The problem
Every line from the one with "Vintage Compass Navigation" through the end of the entries below should be written out exactly; the pictures should not.

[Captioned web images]
◆ ◆ ◆ ◆ ◆ ◆ ◆

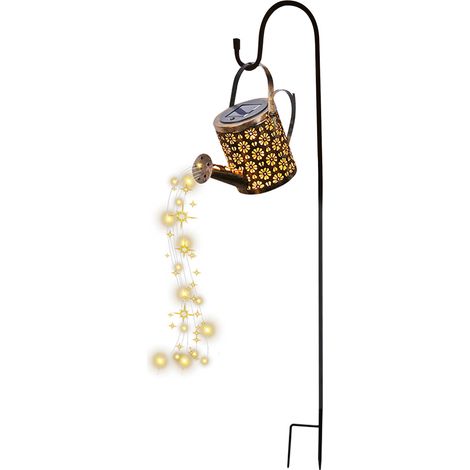 Guirlande solaire féérique en forme d'arrosoir ou bouilloire, 36 LED, 570 mm, batterie 600 mAh, contrôle tactile (blanc) (1/5)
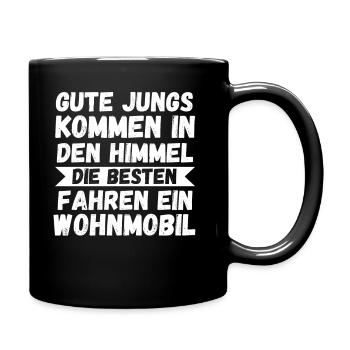 Camper Wohnmobil Wohnwagen Campingplatz Camping - Tasse einfarbig - Schwarz - Rechts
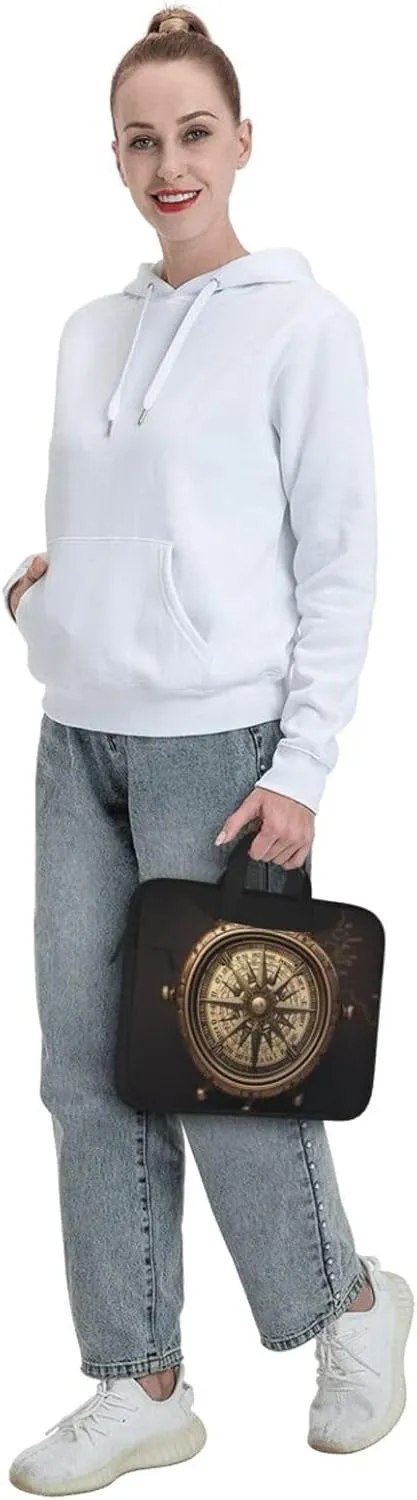 Vintage Compass Navigation picture Fashionable and ultra-thin shoulder laptop bag Shockproof soft lining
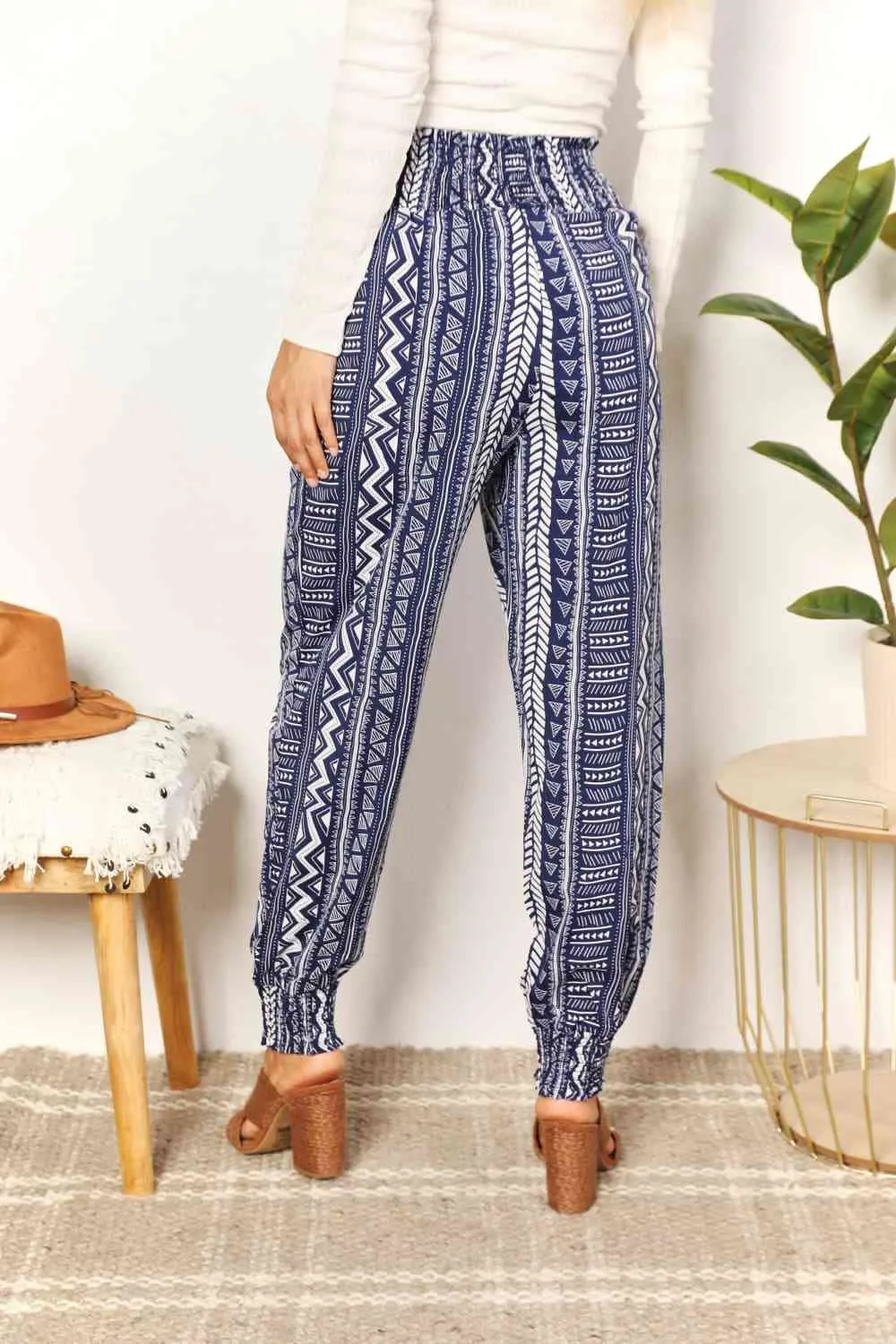 Raina Double Take Geometric Print Tassel High-Rise Pants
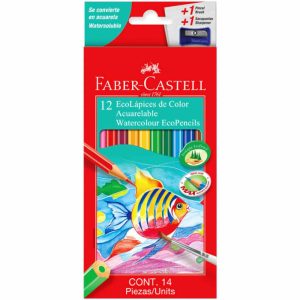 COLORES ACUARELABLES 12 PZAS FABER CASTELL
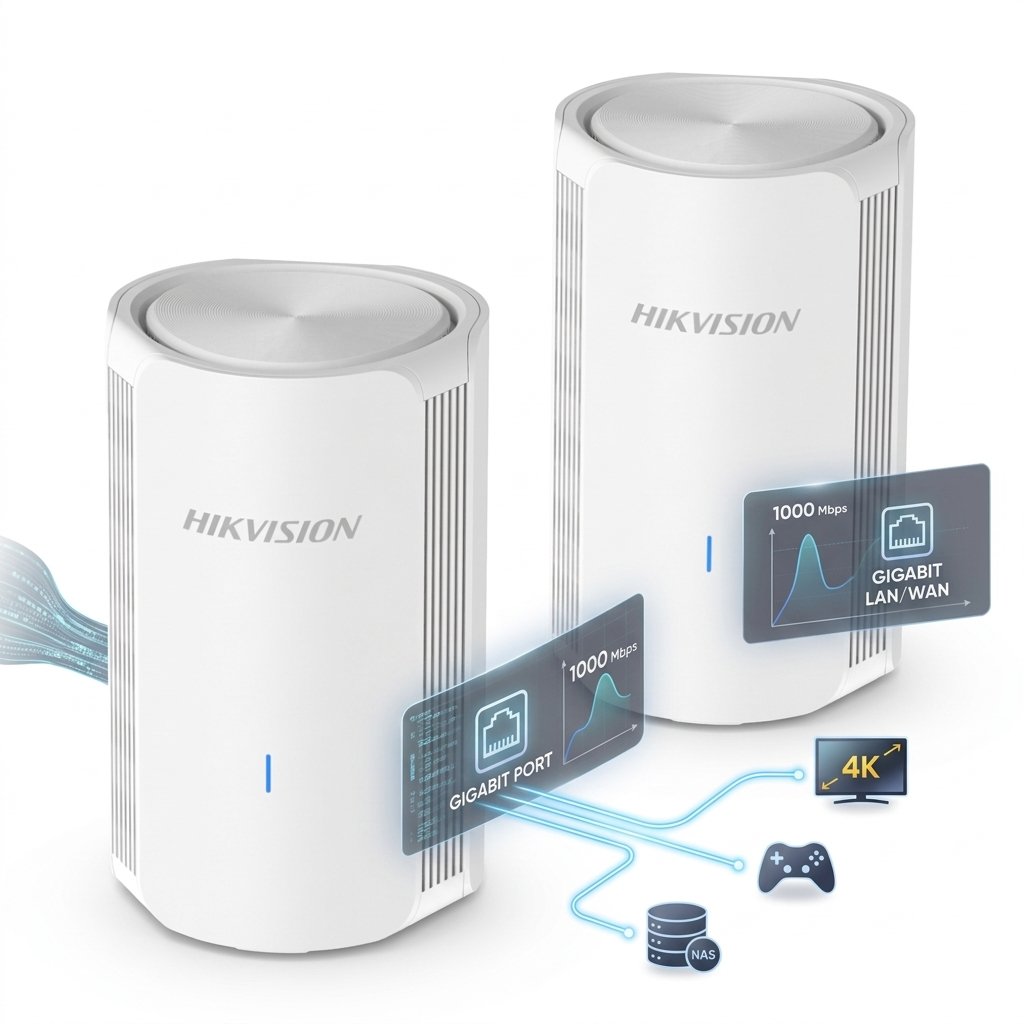 Nodos mesh Hikvision con puertos Gigabit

◆ ◆ ◆ ◆ ◆ ◆ ◆

Exercise output
 Vintage Compass Navigation picture Fashionable and ultra-thin shoulder laptop bag Shockproof soft lining
 Raina Double Take Geometric Print Tassel High-Rise Pants
 COLORES ACUARELABLES 12 PZAS FABER CASTELL
 Nodos mesh Hikvision con puertos Gigabit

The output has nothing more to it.